# Proof for prime avoidance lemma.

In an homework of mine, I gave the following proof for the prime avoidance lemma, i.e the lemma saying if $R$ is a commutative ring and $I$ an ideal of $R$ and $$I \subseteq \bigcup_{i=1}^{n} P_i$$ for a finite collection a finite collection of prime ideals $\{P_1,...,P_n \}$, then $I \subseteq P_i$ for some $i$. I got full points on the proof, but afterwards I discovered what seem to be a mistake. My conclusion in the proof is that $I$ is contained in $T_k$ for some $k$ (see below), but this is not true! Since $T_k$ does not include $0$. Is there a mistake in my proof? I really cant find it and neither could my teacher, but the conclusion is obvivously false!

This is the proof I gave:

We proceed by induction on the number of prime ideals. If $n=1$, the result is trivial. Now, suppose the result is true for $n-1$ primes. Now, let $I$ be an ideal such that $I \subseteq P_1 \cup...\cup P_n$. For each $k=1,...,n$ define the set $$T_k := (\bigcup_{i=1}^{n} P_i) \setminus P_k.$$ Now, assume $I$ is not contained in $T_k$ for any $k$, otherwise removing $P_k$ from the union would let us apply the induction hypothesis. Furthermore, pick an element $x_k \in I \setminus T_k$ for each $k$ (so that $x_k$ is contained in $P_k$ but no other $P_i$)

Let $a =x_1 + \prod_{j=2}^{n} x_j$, since $x_k \in I$ it follows that $a \in I$. Moreover, $a \notin P_1$ because if $a \in P_1$ then so is $a-x_1$ so that one factor in $\prod_{j=2}^{n} x_j$ is in $P_1$ which is a contradiction. I claim that $a \notin P_k$ for $k \geq 2$. Suppose $a \in P_i$ for some $i$, then $$-x_1 = \prod_{j=2}^{n} x_j-a \in P_i.$$ So, $a \notin P_k$ for any $k$, but this is a contradiction since $a \in I \subseteq P_1 \cup...\cup P_n$. Hence the assumption is not true, so we can remove one ideal from the union and apply the induction hypothesis.

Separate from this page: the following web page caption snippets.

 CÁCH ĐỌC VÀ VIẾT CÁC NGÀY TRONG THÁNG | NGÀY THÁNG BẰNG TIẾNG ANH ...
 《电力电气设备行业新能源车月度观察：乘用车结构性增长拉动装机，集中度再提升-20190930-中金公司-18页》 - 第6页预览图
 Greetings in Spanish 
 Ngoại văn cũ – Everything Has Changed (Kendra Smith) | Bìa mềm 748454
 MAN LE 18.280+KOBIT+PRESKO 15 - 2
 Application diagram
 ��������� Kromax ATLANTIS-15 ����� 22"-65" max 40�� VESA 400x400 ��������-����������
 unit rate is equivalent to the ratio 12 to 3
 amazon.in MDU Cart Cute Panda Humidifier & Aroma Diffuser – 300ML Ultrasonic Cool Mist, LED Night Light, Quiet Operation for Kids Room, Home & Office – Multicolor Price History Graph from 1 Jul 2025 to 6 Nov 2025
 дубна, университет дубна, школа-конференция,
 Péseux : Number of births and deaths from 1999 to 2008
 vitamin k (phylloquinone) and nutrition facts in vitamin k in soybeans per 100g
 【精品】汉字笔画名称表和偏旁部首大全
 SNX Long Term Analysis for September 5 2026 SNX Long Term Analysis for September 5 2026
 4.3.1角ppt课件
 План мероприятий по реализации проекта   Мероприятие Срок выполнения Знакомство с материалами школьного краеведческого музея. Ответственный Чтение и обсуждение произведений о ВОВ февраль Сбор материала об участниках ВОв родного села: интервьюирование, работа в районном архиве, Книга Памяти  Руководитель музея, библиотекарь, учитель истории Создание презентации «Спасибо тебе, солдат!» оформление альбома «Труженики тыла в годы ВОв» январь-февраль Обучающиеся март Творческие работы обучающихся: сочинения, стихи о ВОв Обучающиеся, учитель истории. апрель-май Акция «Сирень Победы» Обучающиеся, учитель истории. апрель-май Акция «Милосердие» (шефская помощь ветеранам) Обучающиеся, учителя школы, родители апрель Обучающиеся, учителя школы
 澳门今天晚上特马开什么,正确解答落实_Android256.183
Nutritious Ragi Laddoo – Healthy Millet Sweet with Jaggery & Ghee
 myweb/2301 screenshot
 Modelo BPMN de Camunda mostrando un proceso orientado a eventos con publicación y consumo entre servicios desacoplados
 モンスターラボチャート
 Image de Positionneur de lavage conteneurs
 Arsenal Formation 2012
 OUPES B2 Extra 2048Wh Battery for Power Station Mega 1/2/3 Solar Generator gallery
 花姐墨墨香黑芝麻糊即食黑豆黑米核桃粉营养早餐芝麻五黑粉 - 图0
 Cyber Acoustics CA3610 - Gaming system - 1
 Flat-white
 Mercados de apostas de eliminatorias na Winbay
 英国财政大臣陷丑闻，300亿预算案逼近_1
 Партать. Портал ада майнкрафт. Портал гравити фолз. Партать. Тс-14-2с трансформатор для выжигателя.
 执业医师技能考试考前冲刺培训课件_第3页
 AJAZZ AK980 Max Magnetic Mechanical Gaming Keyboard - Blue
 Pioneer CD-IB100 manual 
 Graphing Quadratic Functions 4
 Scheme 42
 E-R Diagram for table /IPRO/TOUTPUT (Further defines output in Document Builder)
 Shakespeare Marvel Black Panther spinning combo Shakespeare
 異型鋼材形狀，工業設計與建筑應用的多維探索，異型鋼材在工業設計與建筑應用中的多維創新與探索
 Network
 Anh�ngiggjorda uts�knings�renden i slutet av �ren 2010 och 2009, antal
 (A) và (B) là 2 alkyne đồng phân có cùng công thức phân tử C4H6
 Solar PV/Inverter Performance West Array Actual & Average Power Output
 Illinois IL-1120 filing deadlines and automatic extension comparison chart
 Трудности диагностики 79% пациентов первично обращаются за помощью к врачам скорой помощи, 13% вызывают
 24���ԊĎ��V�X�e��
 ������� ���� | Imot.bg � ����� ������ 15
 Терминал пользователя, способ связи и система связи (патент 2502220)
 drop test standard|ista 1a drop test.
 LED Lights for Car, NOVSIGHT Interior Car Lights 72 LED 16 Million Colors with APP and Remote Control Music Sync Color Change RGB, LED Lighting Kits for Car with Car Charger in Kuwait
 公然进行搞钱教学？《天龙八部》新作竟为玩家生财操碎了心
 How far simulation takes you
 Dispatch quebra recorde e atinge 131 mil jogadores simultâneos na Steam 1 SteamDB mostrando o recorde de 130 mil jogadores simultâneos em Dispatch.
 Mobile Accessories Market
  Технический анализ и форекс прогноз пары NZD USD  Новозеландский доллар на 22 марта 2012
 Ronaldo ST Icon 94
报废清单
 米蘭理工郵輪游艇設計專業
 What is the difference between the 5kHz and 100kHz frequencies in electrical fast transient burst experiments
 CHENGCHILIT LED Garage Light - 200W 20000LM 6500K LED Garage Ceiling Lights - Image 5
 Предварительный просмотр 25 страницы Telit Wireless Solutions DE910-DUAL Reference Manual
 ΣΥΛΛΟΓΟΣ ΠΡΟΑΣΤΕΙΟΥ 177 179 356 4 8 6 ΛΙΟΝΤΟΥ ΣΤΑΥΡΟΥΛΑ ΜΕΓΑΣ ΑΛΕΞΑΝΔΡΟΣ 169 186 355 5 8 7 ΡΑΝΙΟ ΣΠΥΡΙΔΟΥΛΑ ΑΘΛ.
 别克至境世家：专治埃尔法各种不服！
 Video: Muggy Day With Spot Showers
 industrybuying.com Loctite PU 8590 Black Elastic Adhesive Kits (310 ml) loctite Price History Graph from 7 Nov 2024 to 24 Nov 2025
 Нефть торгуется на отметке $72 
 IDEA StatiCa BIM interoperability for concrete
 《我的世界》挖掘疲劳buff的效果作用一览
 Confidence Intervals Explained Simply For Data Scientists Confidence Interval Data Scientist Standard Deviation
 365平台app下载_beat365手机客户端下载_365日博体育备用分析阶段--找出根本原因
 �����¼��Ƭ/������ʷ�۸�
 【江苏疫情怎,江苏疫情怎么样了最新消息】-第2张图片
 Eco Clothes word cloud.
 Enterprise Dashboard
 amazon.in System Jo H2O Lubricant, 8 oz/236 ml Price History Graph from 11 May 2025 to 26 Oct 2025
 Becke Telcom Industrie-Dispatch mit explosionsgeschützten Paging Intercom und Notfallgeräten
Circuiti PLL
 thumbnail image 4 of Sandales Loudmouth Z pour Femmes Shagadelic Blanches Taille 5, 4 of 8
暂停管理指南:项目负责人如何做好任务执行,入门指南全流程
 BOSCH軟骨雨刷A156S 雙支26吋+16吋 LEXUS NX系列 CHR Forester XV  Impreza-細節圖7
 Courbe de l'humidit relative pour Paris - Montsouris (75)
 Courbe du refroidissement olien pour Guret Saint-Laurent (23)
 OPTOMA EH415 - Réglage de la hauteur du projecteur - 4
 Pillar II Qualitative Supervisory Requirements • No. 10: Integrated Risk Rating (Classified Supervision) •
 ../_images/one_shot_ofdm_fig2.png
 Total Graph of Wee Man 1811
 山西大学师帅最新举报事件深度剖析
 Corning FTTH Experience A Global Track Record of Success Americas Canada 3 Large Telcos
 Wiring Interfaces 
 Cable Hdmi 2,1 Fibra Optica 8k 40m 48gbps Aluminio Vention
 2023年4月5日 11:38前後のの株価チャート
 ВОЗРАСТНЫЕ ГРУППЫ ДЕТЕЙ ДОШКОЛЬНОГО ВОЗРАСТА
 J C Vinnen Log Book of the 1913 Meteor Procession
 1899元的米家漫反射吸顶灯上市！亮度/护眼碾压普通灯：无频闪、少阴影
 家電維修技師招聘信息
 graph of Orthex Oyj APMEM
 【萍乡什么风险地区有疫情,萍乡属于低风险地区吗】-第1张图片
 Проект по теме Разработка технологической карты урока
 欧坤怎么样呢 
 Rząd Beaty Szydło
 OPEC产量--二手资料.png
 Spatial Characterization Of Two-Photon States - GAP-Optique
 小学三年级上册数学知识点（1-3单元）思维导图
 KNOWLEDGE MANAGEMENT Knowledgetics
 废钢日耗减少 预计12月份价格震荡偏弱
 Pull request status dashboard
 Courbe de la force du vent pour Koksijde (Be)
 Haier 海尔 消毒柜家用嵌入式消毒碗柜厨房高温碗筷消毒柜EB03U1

If you define $T_k$ to be $\bigcup_{i\neq k}\,P_i$, then everything is good. If you want to know why your definition of $T_k$ doesn't work, then look at "Now, assume $I$ is not contained in $T_k$ [...]." You can't derive a contradiction from here since $I$ is never contained in any $T_k$ (in your definition).
Your conclusion (so that $x_k$ is contained in $P_k$ but no other $P_i$ is wrong, take for example $x_k=0$, You have $I-T_k=I\cap (\bigcap_i \bar{P_i}\cup P_k)$.